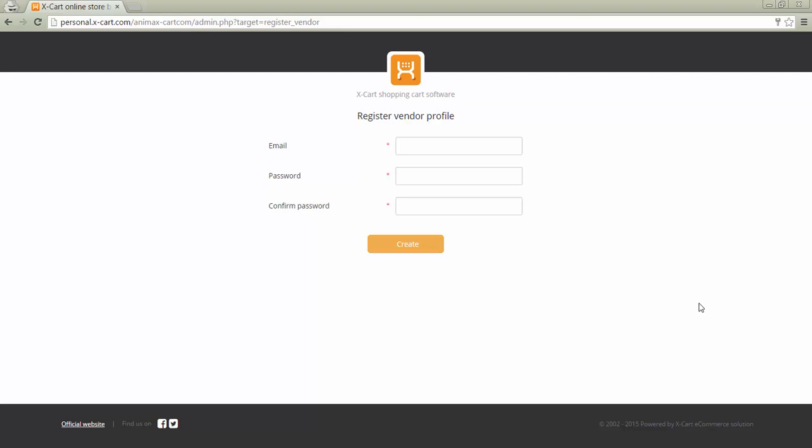A vendor can log into the admin area of the store as soon as his account is approved or one is created by the store administrator manually.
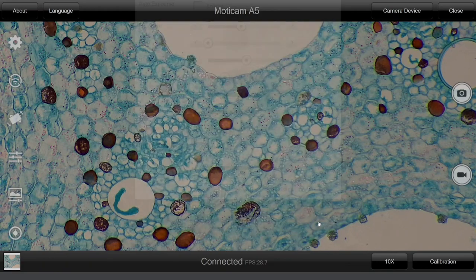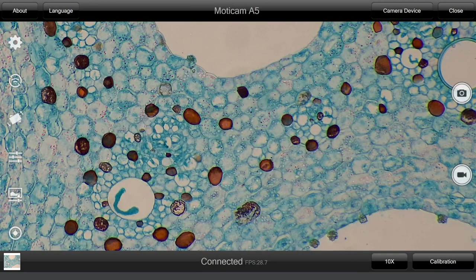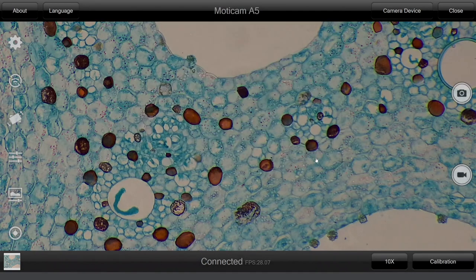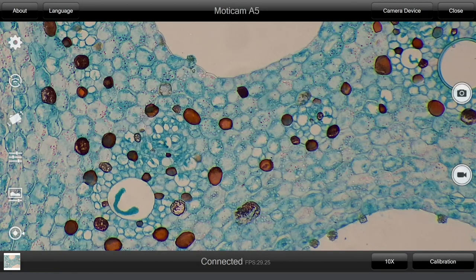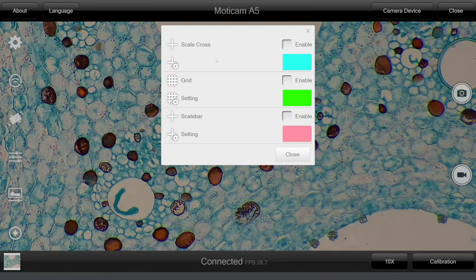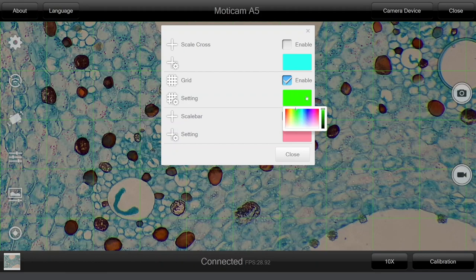Should you need to make any color correction, just select the below icon and change whatever you need. From the last icon you will find on the left, it is possible to add scale cross, grid and scale bar by just simply clicking the enable box. You can even change the color to whichever you prefer.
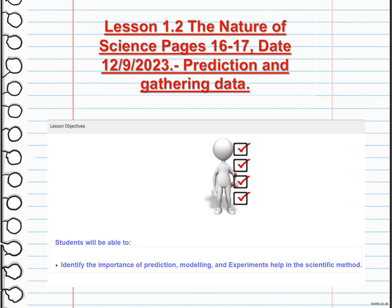To gather data, scientists conduct experiments, make observations, or collect information through various methods such as surveys or measurements. This data is then analyzed and compared to the predictions to determine if they align with the expected outcomes. Gathering data allows scientists to validate or refine their hypotheses and theories, contributing to our understanding of the natural world.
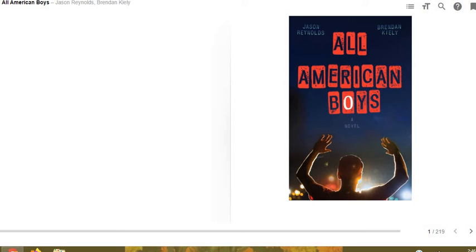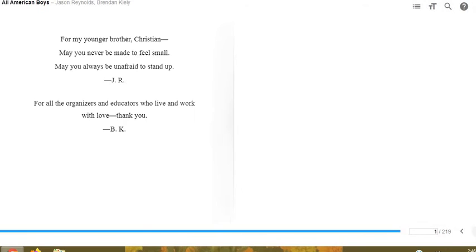All American Boys, a novel by Jason Reynolds and Brendan Kiely. For my younger brother Christian, may you never be made to feel small, may you always be unafraid to stand up. Jason Reynolds.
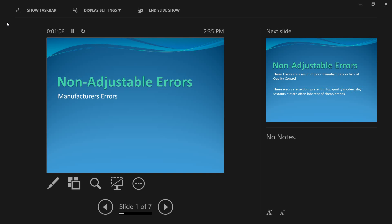The adjustable errors are those errors that you can determine and you can correct — I have made a video on that. These non-adjustable errors result due to manufacturing and damage. Manufacturing errors can also be caused by the user, and there are different types of non-adjustable errors, so let's start with them.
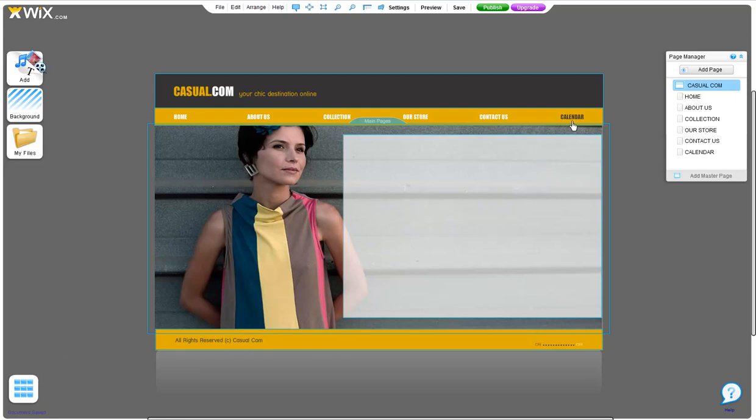In this video, we will go over how to add a Google Calendar to your website. This is done with our HTML widget.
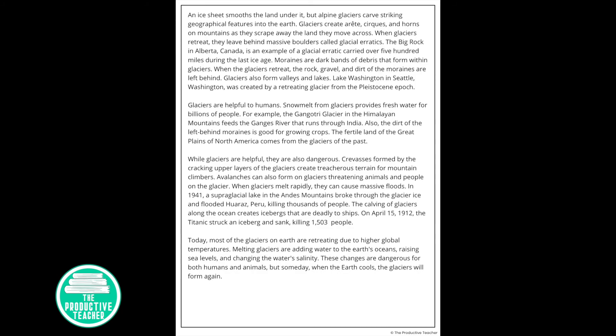Today, most of the glaciers on Earth are retreating due to higher global temperatures. Melting glaciers are adding water to the Earth's oceans, raising sea levels, and changing the water's salinity. These changes are dangerous for both humans and animals, but someday, when the Earth cools, the glaciers will form again.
· · · ·
Exercise
Only the lines from the one containing "In this video, we" through the end of the records should be copied, exactly and with both ends included; the pictures should not.

Solution to the problem
In this video, we will go over how to add a Google Calendar to your website. This is done with our HTML widget.
Today, most of the glaciers on Earth are retreating due to higher global temperatures. Melting glaciers are adding water to the Earth's oceans, raising sea levels, and changing the water's salinity. These changes are dangerous for both humans and animals, but someday, when the Earth cools, the glaciers will form again.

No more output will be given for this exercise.